(DATASET EXTRACT)
>>>
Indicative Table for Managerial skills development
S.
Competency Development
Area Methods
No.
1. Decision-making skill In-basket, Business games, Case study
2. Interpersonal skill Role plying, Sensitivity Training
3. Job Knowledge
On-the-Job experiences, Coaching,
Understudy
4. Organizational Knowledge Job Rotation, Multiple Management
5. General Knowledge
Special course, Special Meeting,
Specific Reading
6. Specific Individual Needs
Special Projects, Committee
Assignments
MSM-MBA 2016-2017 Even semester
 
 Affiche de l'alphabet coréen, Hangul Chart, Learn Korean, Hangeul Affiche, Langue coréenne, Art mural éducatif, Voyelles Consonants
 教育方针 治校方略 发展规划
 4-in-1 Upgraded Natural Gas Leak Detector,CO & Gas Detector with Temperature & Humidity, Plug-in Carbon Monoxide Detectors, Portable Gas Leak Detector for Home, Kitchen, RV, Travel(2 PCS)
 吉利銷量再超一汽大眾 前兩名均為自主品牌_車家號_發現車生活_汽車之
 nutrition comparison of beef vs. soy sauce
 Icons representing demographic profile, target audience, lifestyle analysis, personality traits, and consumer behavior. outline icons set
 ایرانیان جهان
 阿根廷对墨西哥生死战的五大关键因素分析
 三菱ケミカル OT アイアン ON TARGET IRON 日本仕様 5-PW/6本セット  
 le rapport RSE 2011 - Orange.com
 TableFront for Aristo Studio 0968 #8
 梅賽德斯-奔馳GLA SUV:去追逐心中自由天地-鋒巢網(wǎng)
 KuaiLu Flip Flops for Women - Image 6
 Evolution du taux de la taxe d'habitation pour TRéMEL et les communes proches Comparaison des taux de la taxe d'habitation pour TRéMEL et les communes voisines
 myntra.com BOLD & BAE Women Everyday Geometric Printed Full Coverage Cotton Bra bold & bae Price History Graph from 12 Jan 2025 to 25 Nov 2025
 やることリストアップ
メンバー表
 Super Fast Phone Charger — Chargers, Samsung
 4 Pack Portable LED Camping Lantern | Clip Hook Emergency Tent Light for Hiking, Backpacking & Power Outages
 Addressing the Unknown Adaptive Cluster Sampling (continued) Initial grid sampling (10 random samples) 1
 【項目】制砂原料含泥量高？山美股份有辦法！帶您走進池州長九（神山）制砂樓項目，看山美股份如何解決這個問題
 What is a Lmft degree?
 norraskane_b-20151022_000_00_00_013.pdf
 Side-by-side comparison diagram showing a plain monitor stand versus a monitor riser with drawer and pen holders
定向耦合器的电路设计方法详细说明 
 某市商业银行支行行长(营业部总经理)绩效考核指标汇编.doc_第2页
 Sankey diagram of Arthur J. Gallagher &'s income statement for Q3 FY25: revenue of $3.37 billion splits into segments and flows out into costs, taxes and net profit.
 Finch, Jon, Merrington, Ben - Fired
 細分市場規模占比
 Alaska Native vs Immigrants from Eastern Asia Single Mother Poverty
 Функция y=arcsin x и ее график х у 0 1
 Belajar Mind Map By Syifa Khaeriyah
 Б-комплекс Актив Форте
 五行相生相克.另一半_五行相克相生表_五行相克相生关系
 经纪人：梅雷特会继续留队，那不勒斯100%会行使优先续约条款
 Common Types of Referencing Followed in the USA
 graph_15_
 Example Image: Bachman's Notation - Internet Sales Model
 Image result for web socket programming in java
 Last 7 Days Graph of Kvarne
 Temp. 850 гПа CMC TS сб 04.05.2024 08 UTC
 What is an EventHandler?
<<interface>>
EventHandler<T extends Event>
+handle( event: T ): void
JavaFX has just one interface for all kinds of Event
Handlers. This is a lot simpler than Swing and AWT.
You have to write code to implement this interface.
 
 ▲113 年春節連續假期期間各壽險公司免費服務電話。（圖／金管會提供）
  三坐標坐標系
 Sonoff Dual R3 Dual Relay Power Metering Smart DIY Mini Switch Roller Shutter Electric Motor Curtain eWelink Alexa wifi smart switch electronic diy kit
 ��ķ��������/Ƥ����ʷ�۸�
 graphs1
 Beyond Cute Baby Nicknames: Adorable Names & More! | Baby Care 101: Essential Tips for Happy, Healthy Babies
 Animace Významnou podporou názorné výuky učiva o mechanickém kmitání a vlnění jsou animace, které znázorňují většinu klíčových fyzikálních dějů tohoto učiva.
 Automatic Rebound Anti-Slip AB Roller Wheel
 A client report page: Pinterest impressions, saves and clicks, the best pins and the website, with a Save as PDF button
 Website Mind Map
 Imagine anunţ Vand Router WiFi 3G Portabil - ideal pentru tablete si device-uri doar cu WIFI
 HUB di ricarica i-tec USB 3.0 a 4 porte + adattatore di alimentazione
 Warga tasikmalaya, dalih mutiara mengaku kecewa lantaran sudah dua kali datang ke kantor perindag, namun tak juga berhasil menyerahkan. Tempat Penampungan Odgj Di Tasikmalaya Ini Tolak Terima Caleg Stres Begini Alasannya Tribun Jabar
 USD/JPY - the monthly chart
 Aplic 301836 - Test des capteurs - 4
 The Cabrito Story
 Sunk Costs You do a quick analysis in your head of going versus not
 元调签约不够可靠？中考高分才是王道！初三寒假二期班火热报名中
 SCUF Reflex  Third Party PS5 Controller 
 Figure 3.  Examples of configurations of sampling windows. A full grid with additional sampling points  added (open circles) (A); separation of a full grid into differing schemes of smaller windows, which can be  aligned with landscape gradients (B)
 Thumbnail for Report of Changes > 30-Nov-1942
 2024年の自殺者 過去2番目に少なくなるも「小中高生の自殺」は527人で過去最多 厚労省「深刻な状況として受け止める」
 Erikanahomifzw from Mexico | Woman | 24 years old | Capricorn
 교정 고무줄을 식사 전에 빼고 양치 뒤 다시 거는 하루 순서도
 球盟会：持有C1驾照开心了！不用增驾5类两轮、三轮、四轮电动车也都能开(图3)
<<<
(WHAT TO PRODUCE)
Restate word for word the entries above, starting at the line with "Assignments" and ending at the line with "le rapport RSE 2011 - Orange.com", inclusive, and no others.

(SOLUTION BELOW)
Assignments
MSM-MBA 2016-2017 Even semester
 
 Affiche de l'alphabet coréen, Hangul Chart, Learn Korean, Hangeul Affiche, Langue coréenne, Art mural éducatif, Voyelles Consonants
 教育方针 治校方略 发展规划
 4-in-1 Upgraded Natural Gas Leak Detector,CO & Gas Detector with Temperature & Humidity, Plug-in Carbon Monoxide Detectors, Portable Gas Leak Detector for Home, Kitchen, RV, Travel(2 PCS)
 吉利銷量再超一汽大眾 前兩名均為自主品牌_車家號_發現車生活_汽車之
 nutrition comparison of beef vs. soy sauce
 Icons representing demographic profile, target audience, lifestyle analysis, personality traits, and consumer behavior. outline icons set
 ایرانیان جهان
 阿根廷对墨西哥生死战的五大关键因素分析
 三菱ケミカル OT アイアン ON TARGET IRON 日本仕様 5-PW/6本セット  
 le rapport RSE 2011 - Orange.com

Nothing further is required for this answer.